06 Sep [TEMOIGNAGE]Les femmes dans la construction sociale de l’habitat
TÉMOIGNAGE
Les femmes dans la construction sociale de l’habitat
Secteur - El SalvadorThématique - Habitat & Genre
Témoignage de Claudia Blanco, directrice de Fundasal au Salvador
Architecte salvadorienne, Claudia Blanco a consacré sa vie professionnelle à la production sociale de logements dans les zones vulnérables d’Amérique Centrale. Aujourd’hui directrice de Fundasal (1), notre partenaire au Salvador, elle nous partage sa vision sur la place des femmes dans la société du pays et plus particulièrement dans la construction.

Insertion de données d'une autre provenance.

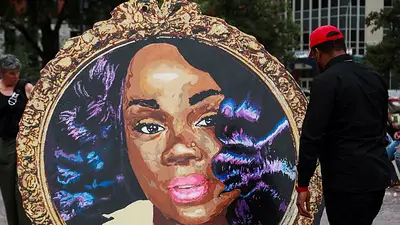 Jueza EEUU condena a 33 meses de cárcel a ex policía por violar derechos civiles de Breonna Taylor Jueza EEUU condena a 33 meses de cárcel a ex policía por violar derechos civiles de Breonna Taylor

Se faire une place dans une société machiste
Je travaille à Fundasal depuis 1997. Je suis architecte. J’ai toujours pensé que mon travail devait être en accord avec mon envie de servir la société. J’ai commencé mes études à la UCA car c’est une université avec une dimension sociale. La UCA proposait un cursus qui tendait déjà vers la recherche de la justice dans la société. Donc je me suis diplômée de la UCA. Mon époux aussi est architecte. J’ai deux enfants, un de 14 ans et une de 15 ans.
Sans aucun doute, la Fundasal est comme une micro-société. L’énorme avantage, ou l’énorme privilège qu’il y a ici à Fundasal, est que toutes les personnes qui sont embauchées par l’institution entrent dans un processus de déconstruction de pensées patriarcales. Donc quelqu’un qui entre travailler à Fundasal est transformé, parce qu’il reçoit beaucoup, non seulement une expérience technique, avec beaucoup de choses que l’académie n’enseigne pas, mais aussi des conduites, des comportements égalitaires. Et je pense que ça doit être ainsi dans une institution qui cherche la justice. De plus, toutes les études, toutes les statistiques au niveau mondial, nous disent qu’il y a une énorme injustice dans le régime foncier et le logement pour les femmes. Fundasal s’attaque à ça.
Cependant, il y a toujours des attitudes qui octroient plus de crédibilité aux hommes, à ce qu’un homme peut dire plutôt que ce que la femme peut dire. Cela a toujours existé et cela existe encore aujourd’hui, alors que j’ai plus de 50 ans. L’attitude manifestée par ceux qui écoutent ce que je dis, moi, comparé à ce que dit un homme, n’est jamais égale. Car la société est ainsi. Ceci implique un défi plus grand pour les femmes. Ils exigent plus de nous, c’est tout le temps comme ça. C’est regrettable. Mais oui, c’est le schéma culturel.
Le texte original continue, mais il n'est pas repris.